Primeiro de tudo, Lisboa e Paris são os destaques dessa narrativa tão rica. As duas cidades transmitem sentimentos totalmente opostos no leitor e é um recurso que o autor usa para estabelecer o ritmo diferente das duas capitais e do comportamento dos personagens em diferentes cenários. Lúcio, nosso narrador, está contando sua história com seu amigo Ricardo e a esposa dele, Marta. Esse trio e suas diversas formas de envolvimento são o centro da narrativa, que usa de pano de fundo toda a organização social da época do Modernismo para ilustrar a relação entre esses três.

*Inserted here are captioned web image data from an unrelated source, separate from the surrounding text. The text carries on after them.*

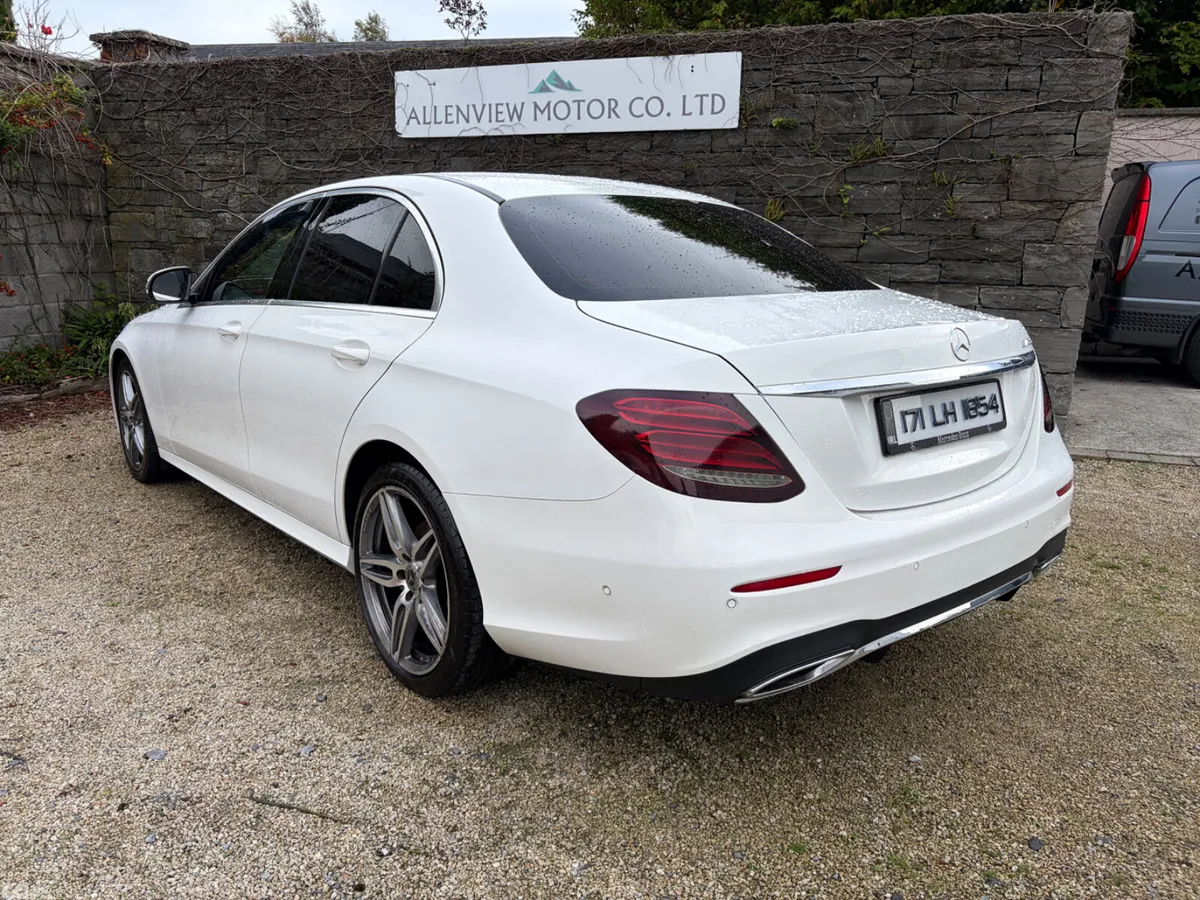 Mercedes-Benz E-Class Saloon, Diesel, 2017, White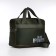 Road bag with lightning, with an increase, external pocket, long belt, khaki color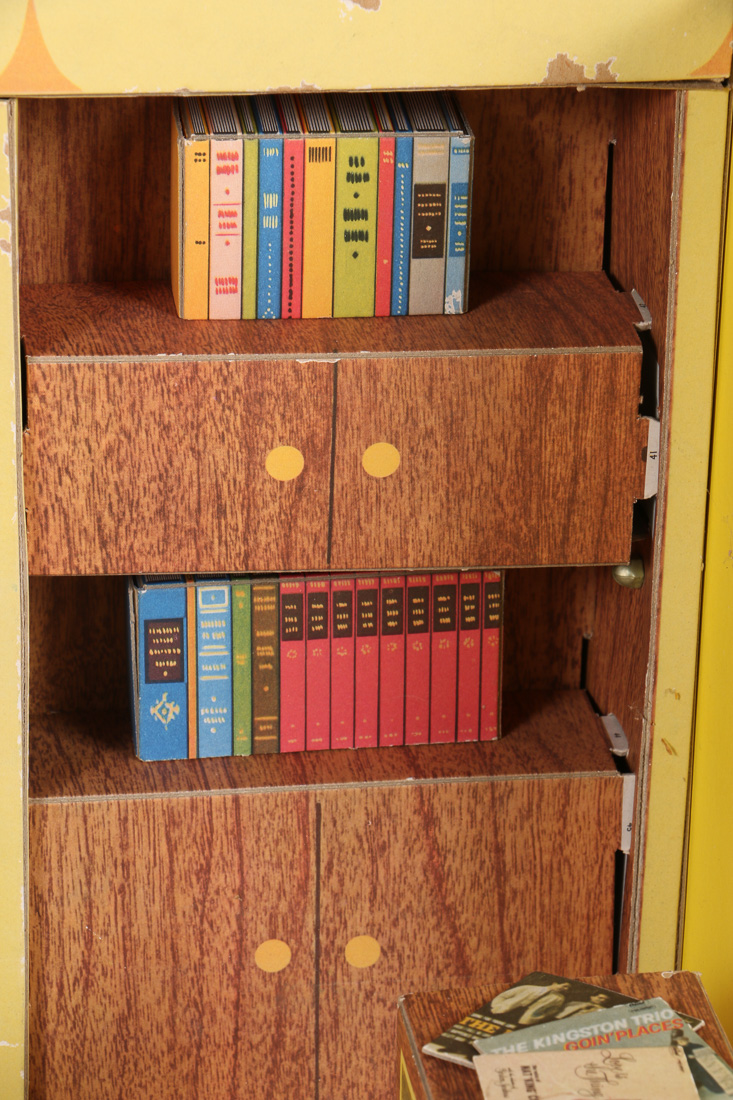 1962 Barbie's Dream House "Teenage Fashion Model"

E sim, temos nesse livro um dos melhores mistérios da literatura mundial, já que a narrativa de Mário de Sá Carneiro é permeada de adjetivos vagos, de substantivos que remetem a inconsistência quando se trata de descrever ou definir seus personagens humanos, ficou aberta a discussão sobre a existência ou não de Marta, seria ela um delírio de Lúcio? Uma extensão de Ricardo ou o próprio poeta em versão feminina? Todos esses questionamentos ficam no ar, sendo impossível textualmente ter confirmação de uma coisa ou outra, já que essa obra nunca alcança a definição nesse quesito. E esse é um contrapeso interessante, já que se observamos a descrição que ele faz das cidades constatamos que é muito bem definida e consegue nos fazer sentir todo o clima que dominava essas metrópoles na época registrada.

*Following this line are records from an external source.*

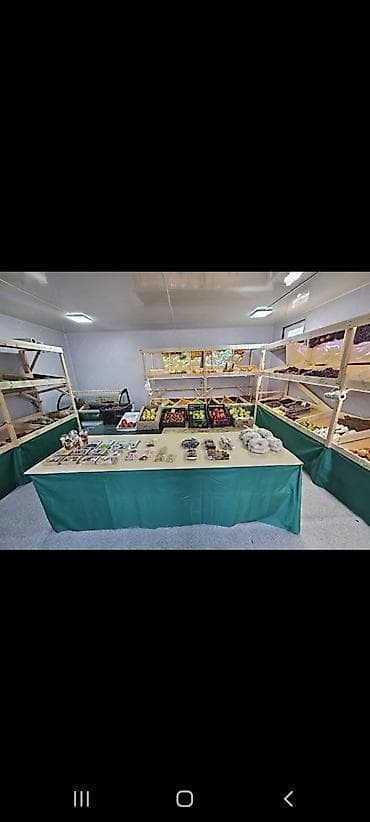 аренда точки на рынке: Ул. Атая Огонббаева Сдается торговый павильон Площадь: 36 м2 — 5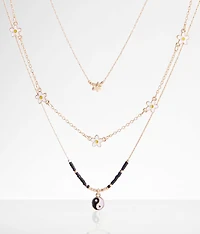 3 Pack Mixed Necklace Set
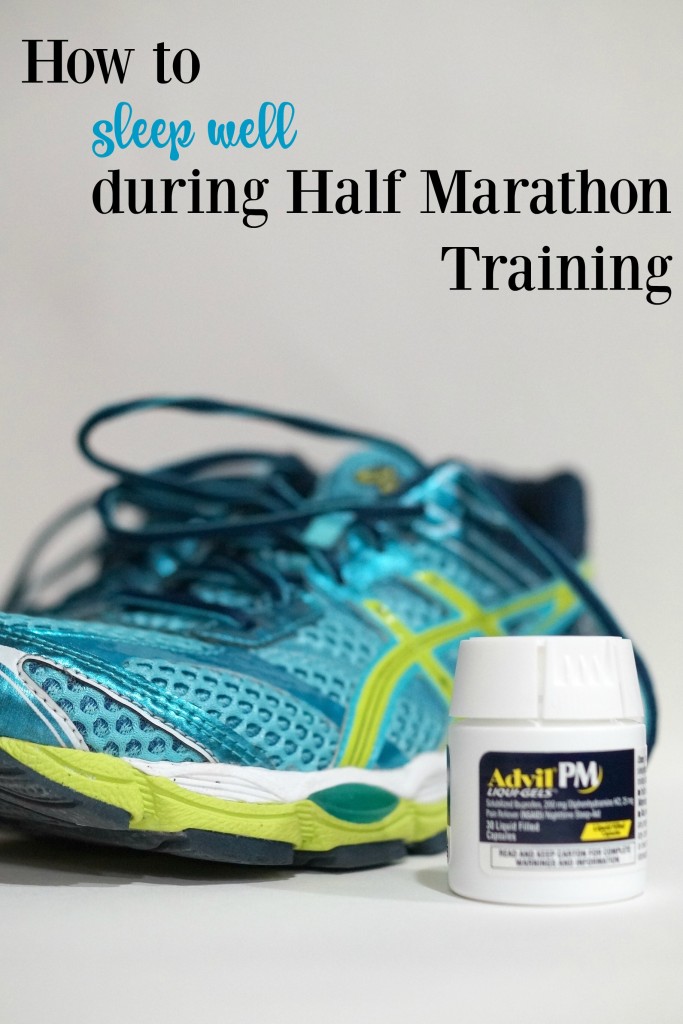 It's important to sleep well during half marathon training. Check out these tips and share yours! #HealingNightsSleep AD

Paris era para Lúcio e o Poeta um recanto de energia, a cidade luz realmente trazia o lado mais brilhante e criativo dos personagens à baila, isso sem falar nas imagens coloridas e luxuriosas que foram descritas ali. Paris era onde estava a agitação, o clamor por inovação e pela entrega aos prazeres que deleitam a alma e alimentam os artistas, sendo que o núcleo de amigos que compõe a vida de Lúcio segue o mesmo padrão de serem ricos intelectuais a procura de uma cura para o tédio.
Em Lisboa, a cinzenta e saudosa Lisboa, temos o cenário perfeito para os momentos de culpa, de reflexão sombria e reações mais calculadas por parte dos personagens, a cidade e a neblina são um só, e todo o mistério que envolve Marta, esposa do poeta Ricardo e objeto de fascinação de Lúcio, combina perfeitamente com o tom descritivo que o autor dá para Lisboa.
O romance entre os dois cresce e nos empolga entre essas duas cidades, enquanto Lúcio escrevia sua peça e Ricardo seus poemas, Marta encantava os dois, já que Ricardo aparentemente gosta de ver como ela capturava a atenção de Lúcio e se diverte com a interação dos dois. O desfecho do livro é incrível e é de aplaudir de pé a capacidade de Mário de Sá Carneiro de entrar para a história como um dos autores capazes de perpetuar sua obra como uma das que lemos e não esquecemos porque o que eu acho que aconteceu não é o mesmo que os demais leitores.
A Confissão de Lúcio é uma leitura única e que divide opiniões, leiam, meus caros, e me digam: Marta existe?